**Stored items**
◆ ◆ ◆ ◆
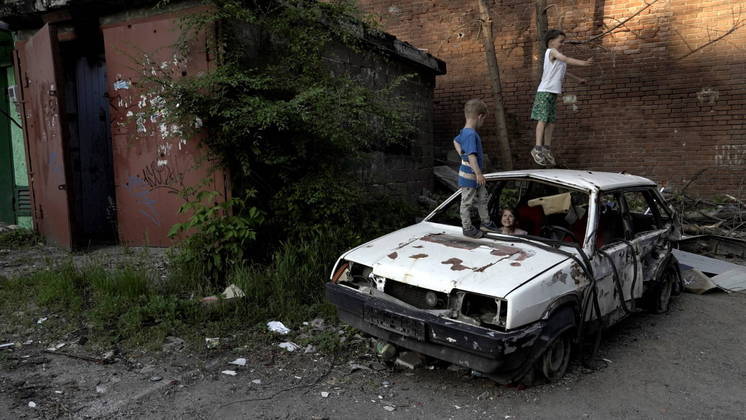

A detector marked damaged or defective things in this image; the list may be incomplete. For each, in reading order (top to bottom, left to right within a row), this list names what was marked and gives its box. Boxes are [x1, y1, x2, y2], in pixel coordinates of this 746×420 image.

rusty door [15, 24, 73, 248]
rusty door [100, 8, 225, 246]
dented car panel [326, 169, 680, 382]
wrecked car [326, 170, 680, 384]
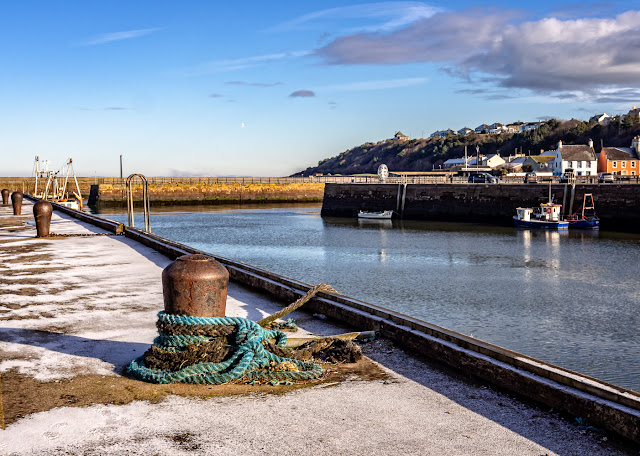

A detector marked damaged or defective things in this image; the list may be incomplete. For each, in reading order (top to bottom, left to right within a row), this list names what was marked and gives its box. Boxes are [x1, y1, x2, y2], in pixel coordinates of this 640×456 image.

rusty metal fitting [32, 201, 52, 240]
rusty bollard [33, 202, 52, 240]
rusty bollard [162, 253, 230, 318]
rusty metal fitting [162, 253, 230, 318]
◆ ◆ ◆ ◆
**Your instructions**
Your copy of the data should match it exactly, apart from the images, which are omitted.

**Answer to the exercise**
A detector marked damaged or defective things in this image; the list may be incomplete. For each, in reading order (top to bottom, left to right within a row), this list names what was marked and gives its box. Boxes are [x1, y1, x2, y2], in pixel coordinates of this 746×420 image.

rusty door [15, 24, 73, 248]
rusty door [100, 8, 225, 246]
dented car panel [326, 169, 680, 382]
wrecked car [326, 170, 680, 384]

A detector marked damaged or defective things in this image; the list may be incomplete. For each, in reading order (top to bottom, left to right within a row), this list names what was marked and gives its box. Boxes are [x1, y1, x2, y2], in pixel coordinates of this 640×456 image.

rusty metal fitting [32, 201, 52, 240]
rusty bollard [33, 202, 52, 240]
rusty bollard [162, 253, 230, 318]
rusty metal fitting [162, 253, 230, 318]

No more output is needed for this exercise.